Why not donut’s. Donuts are one of my weaknesses, along with ice cream. I have started making gluten free donuts. My inspirations have come from multiple authors: Danielle Walker and Maria Emmerich. Now into creating my own interpretation of the wonderful treat.
When I was making my menu for this week. I never realized that today’s menu was “chocolate donuts”. So here is the recipe:
Turn oven on to 350 F. Grease a donut pan
1/2 cup coconut flour
1/4 cup Pyure (organic stevia blend)
1/2 cup unsweetened cocoa powder
1/2 tsp baking soda
1/2 tsp ground cinnamon
1/4 tsp ginger
1/8 tsp baking soda
my secret ingredient is 1/8 tsp of ground ginger
5 large eggs
1/2 cup unsweetened almond milk
1/2 cup unsalted butter, softened
1 tsp vanilla extract
Mix the dry ingredients together and then add in the wet ingredients. Blend well and place in the greased donut pan. Place in oven and bake for 20 minutes.

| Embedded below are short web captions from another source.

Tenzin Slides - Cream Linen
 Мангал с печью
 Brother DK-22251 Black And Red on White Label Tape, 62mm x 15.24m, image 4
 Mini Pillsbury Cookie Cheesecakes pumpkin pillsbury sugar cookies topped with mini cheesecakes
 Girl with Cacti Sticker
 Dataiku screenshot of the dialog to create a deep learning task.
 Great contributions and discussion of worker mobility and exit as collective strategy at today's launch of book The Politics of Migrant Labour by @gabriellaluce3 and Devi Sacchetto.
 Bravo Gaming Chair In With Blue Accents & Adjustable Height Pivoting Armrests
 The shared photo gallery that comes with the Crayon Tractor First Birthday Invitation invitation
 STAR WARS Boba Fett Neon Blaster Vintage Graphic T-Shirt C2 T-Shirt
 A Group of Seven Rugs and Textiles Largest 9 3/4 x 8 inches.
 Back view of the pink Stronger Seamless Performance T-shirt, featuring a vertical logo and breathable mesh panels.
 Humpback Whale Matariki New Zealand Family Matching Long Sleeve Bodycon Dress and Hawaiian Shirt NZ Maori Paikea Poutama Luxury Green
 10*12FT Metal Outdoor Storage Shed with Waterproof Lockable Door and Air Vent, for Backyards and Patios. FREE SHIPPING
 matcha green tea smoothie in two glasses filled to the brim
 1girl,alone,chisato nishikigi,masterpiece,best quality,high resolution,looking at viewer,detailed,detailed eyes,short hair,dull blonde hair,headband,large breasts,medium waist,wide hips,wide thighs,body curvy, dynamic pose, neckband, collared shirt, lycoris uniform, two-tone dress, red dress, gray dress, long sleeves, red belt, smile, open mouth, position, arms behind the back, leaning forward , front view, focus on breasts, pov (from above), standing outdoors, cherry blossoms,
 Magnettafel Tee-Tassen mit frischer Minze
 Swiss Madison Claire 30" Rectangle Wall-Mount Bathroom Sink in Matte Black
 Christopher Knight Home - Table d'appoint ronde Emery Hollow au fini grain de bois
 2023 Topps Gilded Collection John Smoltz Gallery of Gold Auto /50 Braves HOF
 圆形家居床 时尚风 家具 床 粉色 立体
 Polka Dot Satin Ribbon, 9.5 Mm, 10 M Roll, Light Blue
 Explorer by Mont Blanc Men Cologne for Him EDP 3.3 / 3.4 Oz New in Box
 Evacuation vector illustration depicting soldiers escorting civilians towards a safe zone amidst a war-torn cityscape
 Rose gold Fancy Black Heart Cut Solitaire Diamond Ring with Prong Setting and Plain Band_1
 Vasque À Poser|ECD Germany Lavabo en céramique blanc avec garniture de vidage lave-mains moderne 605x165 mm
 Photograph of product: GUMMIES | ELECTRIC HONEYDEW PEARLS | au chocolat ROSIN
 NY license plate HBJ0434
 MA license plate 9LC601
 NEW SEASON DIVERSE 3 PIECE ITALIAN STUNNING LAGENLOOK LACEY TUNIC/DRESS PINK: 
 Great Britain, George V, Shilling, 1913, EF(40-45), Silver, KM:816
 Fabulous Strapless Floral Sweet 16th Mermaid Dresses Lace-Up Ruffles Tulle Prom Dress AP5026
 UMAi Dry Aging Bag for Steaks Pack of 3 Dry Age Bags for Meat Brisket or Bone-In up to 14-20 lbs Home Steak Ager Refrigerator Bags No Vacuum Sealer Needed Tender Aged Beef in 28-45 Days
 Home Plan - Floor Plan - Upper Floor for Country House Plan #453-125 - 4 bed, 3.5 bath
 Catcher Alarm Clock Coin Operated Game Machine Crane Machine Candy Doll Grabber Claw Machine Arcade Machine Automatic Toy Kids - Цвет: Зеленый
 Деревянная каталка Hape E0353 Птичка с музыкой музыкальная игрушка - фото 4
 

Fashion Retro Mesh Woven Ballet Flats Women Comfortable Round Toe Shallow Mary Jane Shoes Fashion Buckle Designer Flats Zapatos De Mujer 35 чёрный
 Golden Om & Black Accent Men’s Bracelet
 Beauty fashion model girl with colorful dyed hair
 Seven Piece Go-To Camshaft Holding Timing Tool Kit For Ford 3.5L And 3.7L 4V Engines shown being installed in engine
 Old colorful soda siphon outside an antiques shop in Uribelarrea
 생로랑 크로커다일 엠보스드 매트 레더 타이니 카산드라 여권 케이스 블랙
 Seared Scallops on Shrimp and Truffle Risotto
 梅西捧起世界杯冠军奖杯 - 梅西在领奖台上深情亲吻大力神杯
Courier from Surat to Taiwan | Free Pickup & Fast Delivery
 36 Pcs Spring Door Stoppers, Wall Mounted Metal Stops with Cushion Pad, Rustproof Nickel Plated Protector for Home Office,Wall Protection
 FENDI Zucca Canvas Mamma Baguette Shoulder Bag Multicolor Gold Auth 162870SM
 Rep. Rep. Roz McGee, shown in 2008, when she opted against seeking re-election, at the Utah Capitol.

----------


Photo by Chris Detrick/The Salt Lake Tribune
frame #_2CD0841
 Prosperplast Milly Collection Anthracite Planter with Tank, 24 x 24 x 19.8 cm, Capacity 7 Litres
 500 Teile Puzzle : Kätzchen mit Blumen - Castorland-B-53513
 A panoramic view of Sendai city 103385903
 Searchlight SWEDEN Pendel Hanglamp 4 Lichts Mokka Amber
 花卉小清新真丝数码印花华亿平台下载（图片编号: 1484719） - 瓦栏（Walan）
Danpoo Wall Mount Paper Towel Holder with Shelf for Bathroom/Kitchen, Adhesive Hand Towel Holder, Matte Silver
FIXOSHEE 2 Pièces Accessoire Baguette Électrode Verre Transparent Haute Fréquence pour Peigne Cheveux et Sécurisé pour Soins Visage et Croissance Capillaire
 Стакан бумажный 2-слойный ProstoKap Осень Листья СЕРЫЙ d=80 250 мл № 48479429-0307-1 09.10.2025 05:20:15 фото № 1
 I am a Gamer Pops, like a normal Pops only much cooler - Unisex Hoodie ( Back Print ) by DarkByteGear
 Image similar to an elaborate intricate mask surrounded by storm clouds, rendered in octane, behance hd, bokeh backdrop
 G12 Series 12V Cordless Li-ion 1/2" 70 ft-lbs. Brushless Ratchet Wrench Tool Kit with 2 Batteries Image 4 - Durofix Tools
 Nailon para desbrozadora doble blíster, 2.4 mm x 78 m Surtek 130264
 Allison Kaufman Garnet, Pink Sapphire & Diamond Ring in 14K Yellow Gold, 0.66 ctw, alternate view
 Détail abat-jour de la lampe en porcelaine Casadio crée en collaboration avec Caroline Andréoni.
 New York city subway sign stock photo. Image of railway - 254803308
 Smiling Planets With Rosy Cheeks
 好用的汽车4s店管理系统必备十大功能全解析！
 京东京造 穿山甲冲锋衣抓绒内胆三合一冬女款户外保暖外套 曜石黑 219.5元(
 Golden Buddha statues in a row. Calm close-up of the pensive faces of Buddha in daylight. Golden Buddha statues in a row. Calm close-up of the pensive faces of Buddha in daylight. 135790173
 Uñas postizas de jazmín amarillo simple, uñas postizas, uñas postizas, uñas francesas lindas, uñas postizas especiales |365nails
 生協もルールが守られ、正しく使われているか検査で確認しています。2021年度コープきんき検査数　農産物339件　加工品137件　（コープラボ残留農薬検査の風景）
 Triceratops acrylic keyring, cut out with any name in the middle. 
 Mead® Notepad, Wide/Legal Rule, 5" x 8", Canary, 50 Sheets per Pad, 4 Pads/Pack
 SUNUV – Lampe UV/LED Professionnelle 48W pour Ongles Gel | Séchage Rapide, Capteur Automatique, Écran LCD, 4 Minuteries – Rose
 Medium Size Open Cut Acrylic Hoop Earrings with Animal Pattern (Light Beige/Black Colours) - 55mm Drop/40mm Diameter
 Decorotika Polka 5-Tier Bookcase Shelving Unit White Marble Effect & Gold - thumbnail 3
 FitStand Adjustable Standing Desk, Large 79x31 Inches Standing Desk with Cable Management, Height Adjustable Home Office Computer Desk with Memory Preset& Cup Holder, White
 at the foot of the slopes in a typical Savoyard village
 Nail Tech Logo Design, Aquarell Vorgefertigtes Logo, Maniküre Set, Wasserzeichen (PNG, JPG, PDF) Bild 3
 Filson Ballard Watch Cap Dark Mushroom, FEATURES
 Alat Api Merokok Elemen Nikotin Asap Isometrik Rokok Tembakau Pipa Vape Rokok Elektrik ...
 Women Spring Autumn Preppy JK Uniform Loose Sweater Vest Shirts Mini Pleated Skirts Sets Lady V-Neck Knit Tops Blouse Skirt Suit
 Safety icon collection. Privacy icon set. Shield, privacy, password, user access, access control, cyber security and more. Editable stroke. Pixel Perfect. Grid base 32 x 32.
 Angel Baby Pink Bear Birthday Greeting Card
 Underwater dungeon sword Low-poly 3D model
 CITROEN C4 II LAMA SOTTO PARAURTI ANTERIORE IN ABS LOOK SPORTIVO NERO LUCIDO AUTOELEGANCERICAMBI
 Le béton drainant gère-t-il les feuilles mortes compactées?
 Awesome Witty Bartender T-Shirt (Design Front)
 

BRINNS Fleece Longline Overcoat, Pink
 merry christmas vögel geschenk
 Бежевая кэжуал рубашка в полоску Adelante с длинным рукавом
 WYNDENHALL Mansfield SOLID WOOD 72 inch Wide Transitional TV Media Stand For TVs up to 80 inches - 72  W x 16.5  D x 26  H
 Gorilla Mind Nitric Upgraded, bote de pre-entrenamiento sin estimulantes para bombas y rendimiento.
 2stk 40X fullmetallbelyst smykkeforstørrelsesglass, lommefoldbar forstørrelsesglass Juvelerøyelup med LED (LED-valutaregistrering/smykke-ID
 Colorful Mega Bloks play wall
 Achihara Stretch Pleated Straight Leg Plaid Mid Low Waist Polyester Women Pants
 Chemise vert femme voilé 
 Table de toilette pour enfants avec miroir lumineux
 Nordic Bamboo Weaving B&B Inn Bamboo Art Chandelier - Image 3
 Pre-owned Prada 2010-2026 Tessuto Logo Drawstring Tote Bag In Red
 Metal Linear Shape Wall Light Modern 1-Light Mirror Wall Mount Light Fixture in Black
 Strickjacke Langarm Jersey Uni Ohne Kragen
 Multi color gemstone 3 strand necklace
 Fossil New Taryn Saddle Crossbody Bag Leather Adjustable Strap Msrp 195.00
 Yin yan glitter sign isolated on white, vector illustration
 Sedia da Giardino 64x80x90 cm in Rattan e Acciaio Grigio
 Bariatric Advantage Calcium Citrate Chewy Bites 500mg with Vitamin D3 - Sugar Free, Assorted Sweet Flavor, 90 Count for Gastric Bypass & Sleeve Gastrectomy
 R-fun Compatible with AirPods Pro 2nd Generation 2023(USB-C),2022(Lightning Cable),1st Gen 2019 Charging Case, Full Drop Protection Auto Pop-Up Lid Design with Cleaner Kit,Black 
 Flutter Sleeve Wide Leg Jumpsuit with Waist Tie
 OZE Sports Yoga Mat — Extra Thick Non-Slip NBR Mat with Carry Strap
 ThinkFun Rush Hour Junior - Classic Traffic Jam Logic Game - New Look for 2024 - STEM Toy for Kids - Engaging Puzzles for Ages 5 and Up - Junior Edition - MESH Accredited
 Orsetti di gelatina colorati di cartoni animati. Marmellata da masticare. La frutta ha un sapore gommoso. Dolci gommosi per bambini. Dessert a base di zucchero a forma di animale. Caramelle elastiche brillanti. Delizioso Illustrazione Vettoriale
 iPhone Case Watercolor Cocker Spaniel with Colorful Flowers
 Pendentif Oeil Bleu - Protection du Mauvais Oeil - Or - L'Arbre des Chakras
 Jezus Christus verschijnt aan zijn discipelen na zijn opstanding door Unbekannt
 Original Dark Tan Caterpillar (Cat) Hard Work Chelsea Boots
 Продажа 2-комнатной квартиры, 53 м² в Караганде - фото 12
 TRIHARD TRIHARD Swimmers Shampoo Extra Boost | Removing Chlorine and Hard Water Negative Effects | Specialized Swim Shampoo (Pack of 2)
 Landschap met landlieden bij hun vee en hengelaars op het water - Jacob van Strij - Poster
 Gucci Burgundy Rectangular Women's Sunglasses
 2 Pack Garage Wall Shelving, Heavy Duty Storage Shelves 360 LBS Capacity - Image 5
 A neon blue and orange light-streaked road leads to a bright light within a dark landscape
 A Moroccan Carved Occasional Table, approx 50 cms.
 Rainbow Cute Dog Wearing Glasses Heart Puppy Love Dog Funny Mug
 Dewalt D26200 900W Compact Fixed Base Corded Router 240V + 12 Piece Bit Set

Let cool completely before glazing. ( This is very important)
3/4 cup full-fat coconut milk
2 TB Pyure sweetener
2 ounces unsweetened chocolate (I used 100% cacao baking bar)
All the ingredients in the glaze; place in a double boiler just till chocolate is melted then add the vanilla.
Let the donuts completely cool, then dip in glaze. The glaze will stay on the donut longer.
I could only eat one, and I was full. These are easy to make. Enjoy. Look forward to you sharing your feedback.